Per quanto riguarda la trasformazione in SpA di Cattolica Assicurazioni non si dovrebbe ragionevolmente contrastarla. La cooperazione ha altre forme per esprimersi e la contendibilità delle società quotate è un presupposto necessario per il loro sviluppo e per la proficuità dell’investimento di ogni socio, piccolo o grande. E’ importante invece mantenere a Verona l’occupazione dei dipendenti e la sede, così da non perdere l’ultima grande realtà finanziaria.
Dalla trasformazione di Cattolica deriveranno flussi finanziari importanti per i soci che recederanno. E questi flussi, unitamente al risparmio delle famiglie veronesi, possono essere destinati al sostegno dello sforzo comune della città, investendone una parte a favore della comunità, con la sottoscrizione di titoli garantiti che convoglino finanze fresche alla riconversione produttiva di ciò che il Covid ha distrutto o sta distruggendo.
Per AGSM si scelgano i partners secondo criteri industriali oggettivi e con procedure trasparenti, come avviene nelle imprese che stanno sul mercato.
Si ricostruisca la scuola, anche al di là dell’obbligo scolare, per formare giovani adeguati a tempi difficili; che porti la cultura a casa di tutti e l’amore per il bello nella testa di ciascuno.

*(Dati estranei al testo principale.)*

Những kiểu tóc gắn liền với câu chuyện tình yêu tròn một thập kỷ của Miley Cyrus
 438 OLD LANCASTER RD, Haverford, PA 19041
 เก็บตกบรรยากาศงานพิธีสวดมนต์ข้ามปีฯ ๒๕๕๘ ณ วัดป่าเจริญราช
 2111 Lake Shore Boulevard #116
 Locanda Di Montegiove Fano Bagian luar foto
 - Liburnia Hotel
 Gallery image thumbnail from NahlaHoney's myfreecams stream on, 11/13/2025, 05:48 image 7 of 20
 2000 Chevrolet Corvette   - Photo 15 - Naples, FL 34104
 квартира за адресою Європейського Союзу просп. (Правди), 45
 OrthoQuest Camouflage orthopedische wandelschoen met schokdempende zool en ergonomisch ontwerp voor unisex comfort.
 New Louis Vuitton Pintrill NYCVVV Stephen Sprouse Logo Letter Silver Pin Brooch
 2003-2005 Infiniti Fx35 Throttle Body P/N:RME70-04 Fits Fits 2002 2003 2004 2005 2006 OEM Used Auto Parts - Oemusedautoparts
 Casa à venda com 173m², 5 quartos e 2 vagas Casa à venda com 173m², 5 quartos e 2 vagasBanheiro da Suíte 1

Si crei una vera e propria scuola di politica, apartitica ed affidata a docenti internazionali esperti, senza dimenticare che Verona esprime importanti studiosi di filosofia della politica.
E così via, sognando di cambiare giorno per giorno le istituzioni pubbliche e le abitudini di ciascuno, consapevoli che l’essere umano non cambia mai, salvo assumere abitudini diverse per adattarsi al cambiamento, come ci insegna Darwin.
E il cambiamento della nostra città non passa attraverso liste elettorali regionali o comunali, formazione di liste civiche o partitini, ma attraverso l’edificazione, mattone per mattone, del senso di appartenenza ad una città bellissima ed unica.
Perché impegnarci dunque per rendere realistica l’utopia di una rinnovata convivenza?
Perché Giulietta non è morta e Romeo può vivere felicemente.